Hi all,
Just came across this older thread and just wanted to give my 2cents on it.
First of all, Francesco's observation is correct IMHO: My conclusion is
that PoDoFo linearization support overall (read an write) has always been
quite incomplete at best, and quite certainly broken/buggy enough to be
disabled quite early in PoDoFo development, so that nothing is working
about PDF linearization now.
I think it was a good decision to remove this code in pdfmm as it is not
working and having an API that is not working is just misleading. I would
agree to have this code removed in PoDoFo as well, as I do not think it is
possible to fix it in the current state.
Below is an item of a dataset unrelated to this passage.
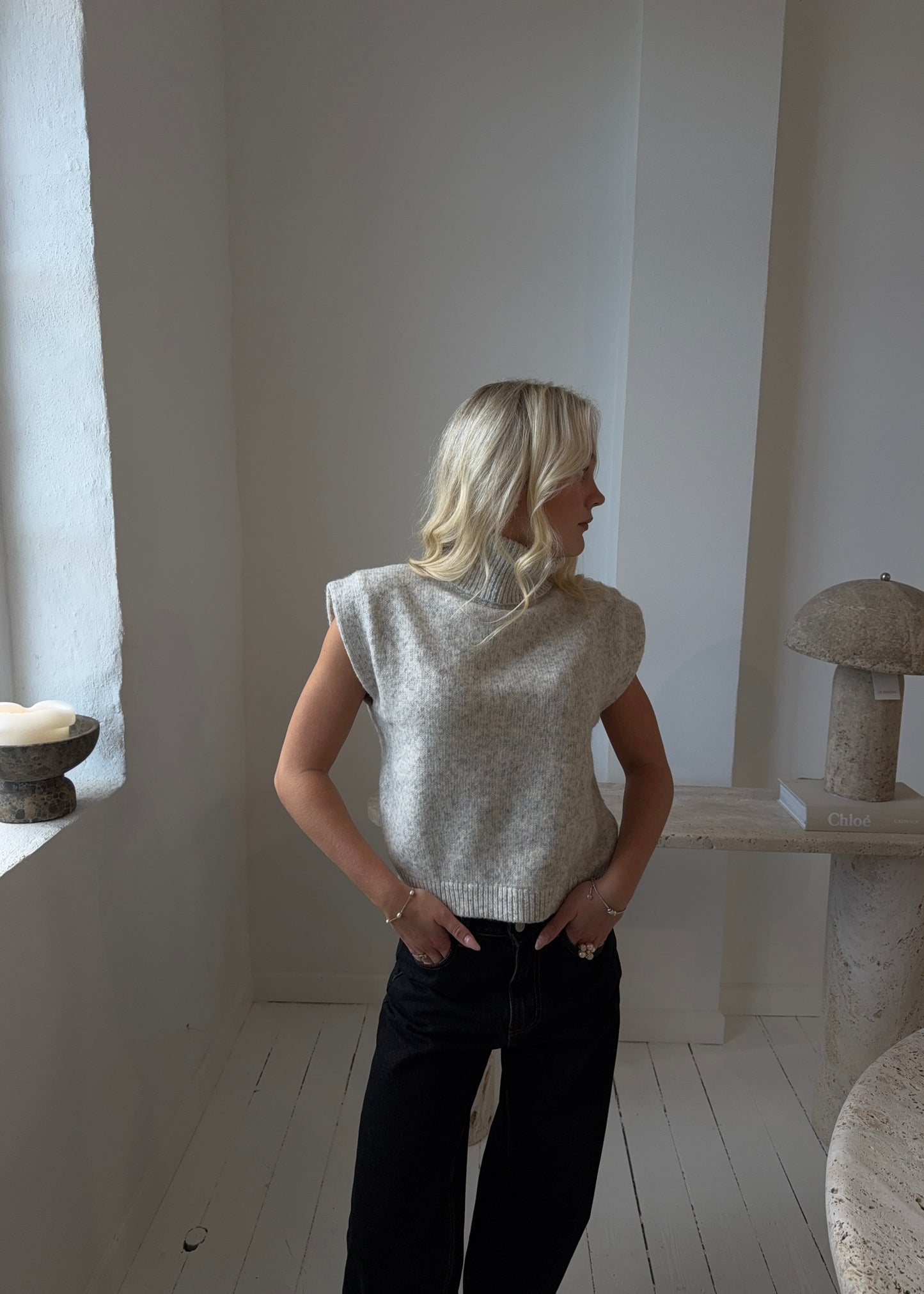 Strik-MAGDA Vest - Grå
If someone would want to
reintroduce PDF linearization for writing, a complete reengineering would
be required.
Best regards,
Dominik
On Fri, Feb 18, 2022 at 9:25 AM Francesco Pretto wrote:
> Hello Connor,
>
> I'm the maintainer of pdfmm, a PoDoFo fork, but I had to evaluate what
> was done in PoDoFo about PDF linearization. I will try to answer you
> in a fair way, to the best of my knowledge. First, let's clarify what
> main capabilities PDF Linearization should enable, among others.
> According to Annex F of PDF 32000-1:2008 the PDF linearization, :
> - allows to "display the first page as quickly as possible" (not
> necessarily the page 0);
> - when the user requests another page of an open document it allows to
> "display that page as quickly as possible".
>
> PDF linearization as described by Annex F is implemented by
> encapsulating the content of the first page document in a "Incremental
> Update" like serialization that must be at the beginning of the
> document, together with a "linearization dictionary" that should be
> the first object of the document. The rest of the document is appended
> after this fake "incremental update" and "the pages shall be
> contiguous and shall be ordered by page number", and "the objects
> required to display that page shall be grouped together" and "the
> order of objects referenced from the page object should facilitate
> [...] incremental display of the page data as it arrives".
>
> Let's distinguish between PDF linearization read support, intended as
> the ability to exploit the organization of a linearized PDF document
> and write support as the ability to create a compliant linearized PDF.
> PoDoFo attempted to have linearization read support but it was
> disabled in 2009[1]. Also just reading the document structure (and not
> the object content) is performing a lot of of seeks that would kill
> the purpose of linearization (I actually removed those seeks in
> pdfmm).
>
> About PDF linearization write support, which I think you are most
> interested in, PoDoFo appears to do some work related to linearization
> in PdfVecObjects class[2], but in all the work related to create the
> linearization dictionary was disabled in PdfWriter[3] even earilier in
> 2007. Also there's no sign of the needed fake incremental update that
> contains the content of the first page.
>
> My conclusion is that PoDoFo linearization support overall (read an
> write) has always been quite incomplete at best, and quite certainly
> broken/buggy enough to be disabled quite early in PoDoFo development,
> so that nothing is working about PDF linearization now, and the
> leftover API that seems to enable linearization is just code that got
> rotten (that's why I decided to remove it completely in pdfmm). If one
> decided to work on revamping the PDF linearization support I would
> recommend to read the specification and start it from scratch, not
> basing on the left-over code in PoDoFo, but it's a weeks/months long
> full time work. Of course I would love to re-introduce it in pdfmm,
> where the situation is just much more clean than in PoDoFO, but
> unfortunately that work is not in my top priorities.
>
> I hope I was factually correct about the current state of PoDoFO.
> Other people may add further details or correct me if I was wrong.
>
> Regards,
> Francesco
>
> [1]
> https://sourceforge.net/p/podofo/code/HEAD/tree/podofo/trunk/src/podofo/base/PdfParser.cpp#l300
> [2]
> https://sourceforge.net/p/podofo/code/HEAD/tree/podofo/trunk/src/podofo/base/PdfVecObjects.cpp#l308
> [3]
> https://sourceforge.net/p/podofo/code/HEAD/tree/podofo/trunk/src/podofo/base/PdfWriter.cpp#l274
>
>
> On Thu, 17 Feb 2022 at 23:00, Connor Black wrote:
> >
> > Hey,
> >
> >
> >
> > I am currently evaluating this library for use in a commercial product
> and I was curious what linearalization would look like using PoDoFo. I have
> spent the last couple of days looking through documentation and trying to
> look into how it would work but the most I can grasp is that PdfWriter has
> the option to set linearalization through SetLineralization – but I have
> not been able to find any examples or successfully use the PdfWriter class
> to produce these results. I was wondering if you could provide a little
> code snippet showing how PdfWriter would be used